ACTION ITEM:
What is needed is an exact copy of the lines in the entries below from the one holding "Set di clipart" through the one holding "EIDERWOOD iPhone 16e", pictures excluded.

--- MATERIALS PROVIDED ---

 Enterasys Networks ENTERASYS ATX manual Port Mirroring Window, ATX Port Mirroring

---
--- MATERIALS PROVIDED ---

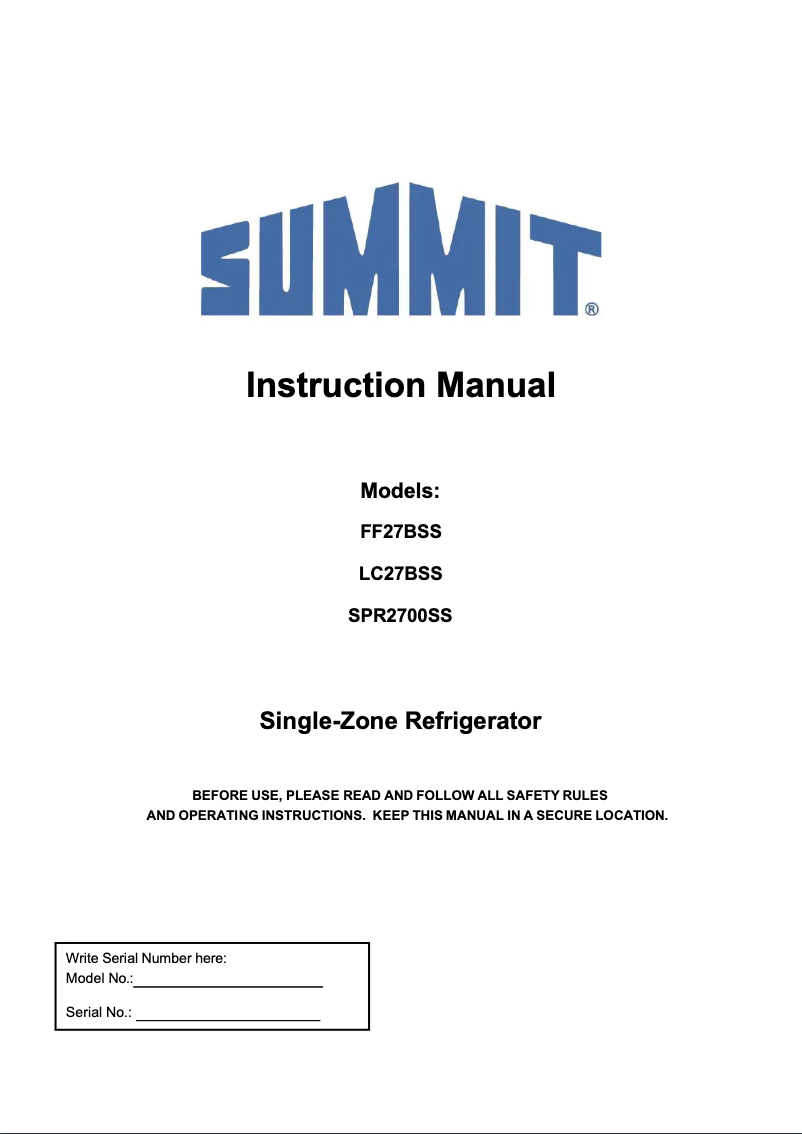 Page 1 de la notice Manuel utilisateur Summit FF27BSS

---
--- MATERIALS PROVIDED ---

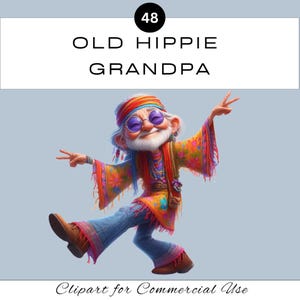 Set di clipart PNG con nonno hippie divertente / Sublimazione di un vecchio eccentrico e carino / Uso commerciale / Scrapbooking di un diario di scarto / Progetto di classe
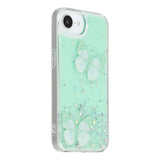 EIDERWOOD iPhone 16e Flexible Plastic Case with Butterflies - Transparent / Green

---

RESPONSE:
 Set di clipart PNG con nonno hippie divertente / Sublimazione di un vecchio eccentrico e carino / Uso commerciale / Scrapbooking di un diario di scarto / Progetto di classe
 EIDERWOOD iPhone 16e Flexible Plastic Case with Butterflies - Transparent / Green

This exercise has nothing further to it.